Despite some limitations of both the TargetRNA program and whole genome expression analysis, we suggest that the combination of the two approaches will be an effective approach for identifying direct targets for an uncharacterized sRNA. Functional annotation may also be a useful indicator for identifying candidate targets. In several cases, the set of targets predicted by TargetRNA for a given sRNA was enriched for genes that appear functionally similar. For instance, among the top candidate targets for the sRNA GcvB were mRNAs gltI, livJ, livK, ytfT, aroP and argT, all genes encoding periplasmic transport proteins. Similarly, a number of top candidate targets for the sRNA RyhB encode non-essential iron-binding proteins.

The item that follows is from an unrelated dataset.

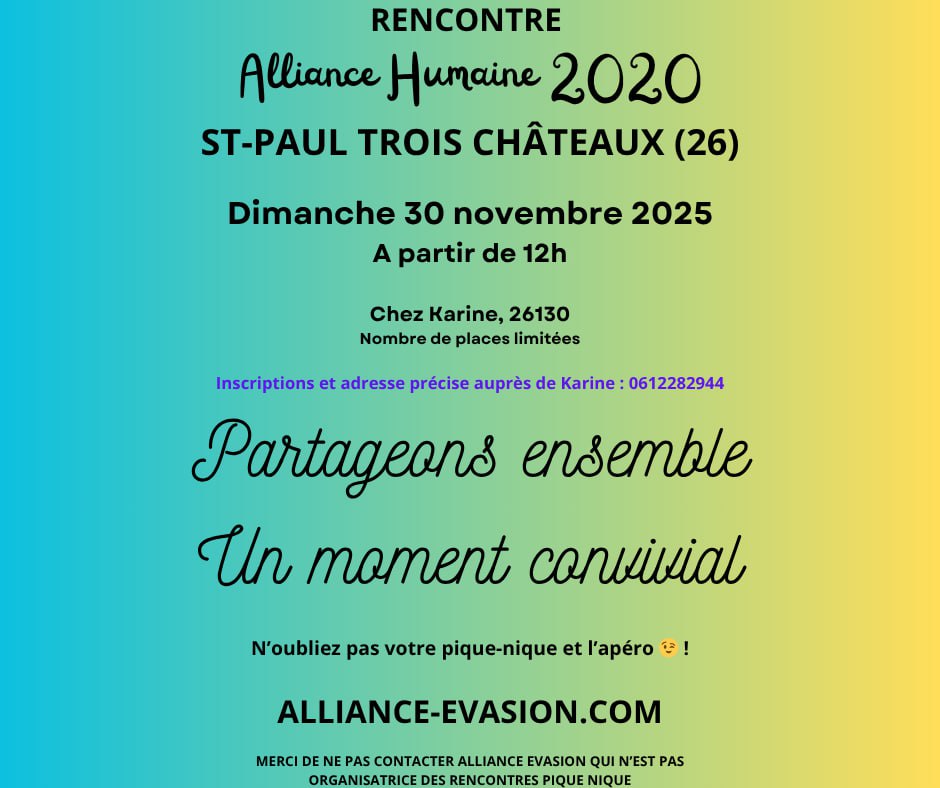 SAINT-PAUL-TROIS-CHÂTEAUX (26) - Rassemblement Alliance Humaine le 30 novembre 2025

While the method was evaluated on targets of sRNAs in
E.coli, the approach is applicable to bacteria more generally. For example, in searching for targets of the sRNA BsrA in
Bacillus subtilis (using a seed of at least eight nucleotides), the message target
rplU which encodes a ribosomal protein was predicted. The
rplU target of BsrA in
B.subtilis has been documented previously (
40). In addition, an ortholog of the
rplU gene in
Listeria monocytogenes was predicted as a target of the BsrA ortholog in
L.monocytogenes. More generally, when searching for targets of an sRNA in a given organism, the program calculates the hybridization scores of orthologous targets with orthologous sRNAs in other bacteria. Since many sRNA genes are conserved across related species, the program can thus evaluate whether the targets are conserved and whether the hybridization interaction is conserved across species. One of the training examples was the GcvB:
dppA interaction (
41). For orthologous GcvB genes in
S.typhimurium,
S.flexneri,
Yersinia pestis and
Photorhabdus luminescens, the program identifies orthologous
dppA targets in all four bacteria. In each of the species, the hybridization score of the orthologous GcvB gene and the orthologous
dppA target places the target among the top candidate predictions.
The application of TargetRNA to the E.coli RyhB, OmrA, OmrB and OxyS RNAs has already expanded the number of known targets for these regulatory sRNAs. We anticipate that as the number of known sRNA:mRNA interactions increases, we will better understand the applicability and the limitations of in silico target prediction approaches. In addition, an expanded set of known targets will allow for further refinements of computational approaches for target prediction.